**Problem statement**
When you reach the line containing "1 Bedroom Apartment", begin copying, and keep copying each line exactly until the listing ends.

**Input data**
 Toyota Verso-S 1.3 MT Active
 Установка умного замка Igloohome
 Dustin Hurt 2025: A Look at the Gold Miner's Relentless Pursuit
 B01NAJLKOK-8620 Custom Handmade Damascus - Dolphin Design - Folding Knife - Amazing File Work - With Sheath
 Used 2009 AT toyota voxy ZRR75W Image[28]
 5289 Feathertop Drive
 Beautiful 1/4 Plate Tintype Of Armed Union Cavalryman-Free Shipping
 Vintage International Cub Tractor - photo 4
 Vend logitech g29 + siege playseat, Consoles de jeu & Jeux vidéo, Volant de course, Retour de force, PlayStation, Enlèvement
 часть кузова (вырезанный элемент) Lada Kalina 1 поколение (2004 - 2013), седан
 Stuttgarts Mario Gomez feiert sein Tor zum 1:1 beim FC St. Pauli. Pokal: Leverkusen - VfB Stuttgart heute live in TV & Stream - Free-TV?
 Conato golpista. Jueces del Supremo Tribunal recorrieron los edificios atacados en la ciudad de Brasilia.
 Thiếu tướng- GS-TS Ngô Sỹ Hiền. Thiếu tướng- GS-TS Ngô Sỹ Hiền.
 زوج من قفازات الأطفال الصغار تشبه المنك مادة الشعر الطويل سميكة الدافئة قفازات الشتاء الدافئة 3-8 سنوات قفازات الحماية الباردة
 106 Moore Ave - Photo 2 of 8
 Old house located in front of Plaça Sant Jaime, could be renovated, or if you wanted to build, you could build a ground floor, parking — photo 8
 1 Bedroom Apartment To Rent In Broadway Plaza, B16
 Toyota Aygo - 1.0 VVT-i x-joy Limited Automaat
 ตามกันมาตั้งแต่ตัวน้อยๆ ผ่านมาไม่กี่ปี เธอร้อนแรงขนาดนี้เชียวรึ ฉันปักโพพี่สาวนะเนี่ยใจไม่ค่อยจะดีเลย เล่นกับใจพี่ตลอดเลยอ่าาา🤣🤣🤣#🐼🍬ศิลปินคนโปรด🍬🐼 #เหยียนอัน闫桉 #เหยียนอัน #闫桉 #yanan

**Task answer**
 1 Bedroom Apartment To Rent In Broadway Plaza, B16
 Toyota Aygo - 1.0 VVT-i x-joy Limited Automaat
 ตามกันมาตั้งแต่ตัวน้อยๆ ผ่านมาไม่กี่ปี เธอร้อนแรงขนาดนี้เชียวรึ ฉันปักโพพี่สาวนะเนี่ยใจไม่ค่อยจะดีเลย เล่นกับใจพี่ตลอดเลยอ่าาา🤣🤣🤣#🐼🍬ศิลปินคนโปรด🍬🐼 #เหยียนอัน闫桉 #เหยียนอัน #闫桉 #yanan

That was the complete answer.